- [Dataset content]
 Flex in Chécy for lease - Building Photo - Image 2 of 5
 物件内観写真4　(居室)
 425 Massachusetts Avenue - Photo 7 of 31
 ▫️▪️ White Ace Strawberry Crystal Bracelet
* * *
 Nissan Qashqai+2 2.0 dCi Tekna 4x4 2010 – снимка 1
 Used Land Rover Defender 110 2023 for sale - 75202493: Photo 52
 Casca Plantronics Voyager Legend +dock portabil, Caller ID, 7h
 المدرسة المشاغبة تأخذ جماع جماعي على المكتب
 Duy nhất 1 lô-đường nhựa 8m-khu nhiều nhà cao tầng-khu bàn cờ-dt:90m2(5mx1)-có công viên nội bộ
==
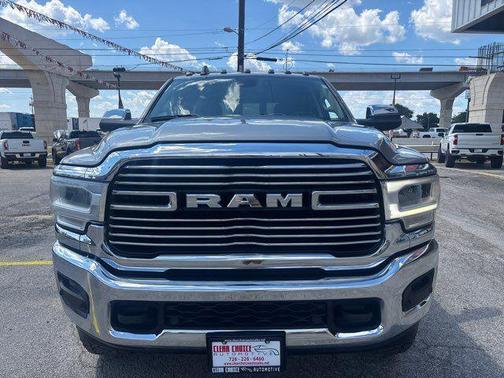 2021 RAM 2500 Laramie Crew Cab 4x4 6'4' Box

- [Problem requirements]
From the records above, quote only the lines running from the line with "Casca Plantronics Voyager" to the line with "Duy nhất 1 lô-đường", both lines included.

- [Answer space]
 Casca Plantronics Voyager Legend +dock portabil, Caller ID, 7h
 المدرسة المشاغبة تأخذ جماع جماعي على المكتب
 Duy nhất 1 lô-đường nhựa 8m-khu nhiều nhà cao tầng-khu bàn cờ-dt:90m2(5mx1)-có công viên nội bộ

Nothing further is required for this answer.